Industry trade website RadioInsight had initially reported on May 5, 2021, that iHeartMedia surrendered KVET's license; a brief public notice at the FCC stated "License cancelled at licensee's request by email from counsel on May 4, 2021" and the posting hinted at a possibility Butler was selling the transmitter site. This news came several weeks after KASE-HD2—with an FM translator at 97.5 FM—was awarded flagship rights to Austin FC and several months after the station's lone locally-based talk show was cancelled following a mass downsizing effort by iHeartMedia. However, this cancellation notice was revealed the following day to be "an inadvertent typo by the FCC" confusing KVET with KEVT in Sahuarita, Arizona, which had surrendered its license; KVET's license was subsequently restored.

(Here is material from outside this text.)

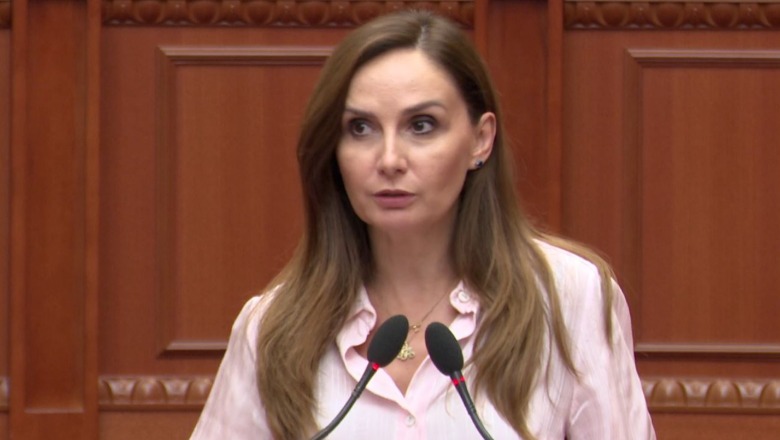 Tabaku  Shqiptarët nuk janë dakord me mënyrën si po qeveriset vendi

KVET AM previously simulcast on KVET-HD2, the HD digital subchannel of KVET-FM, and on FM translator K276EL (103.1 FM) until August 27, 2021, when KVET-HD2 and K276EL flipped to an '80s hits format.

==Programming==
KVET's programming as a sports talk station largely consists of national fare from Fox Sports Radio. Morning and afternoon shows are carried in conjunction with KTKR, the iHeartMedia sports talk station in San Antonio; the station is also the local affiliate for the John Clay Wolfe Show.

Play-by-play rights include the radio networks of the Houston Texans and San Antonio Spurs. In 2023, University of Texas athletics returned to the iHeartMedia stations, with KVET AM as the flagship station and KVET-FM simulcasting football and men's basketball, after previously airing on KTXX-FM 104.9.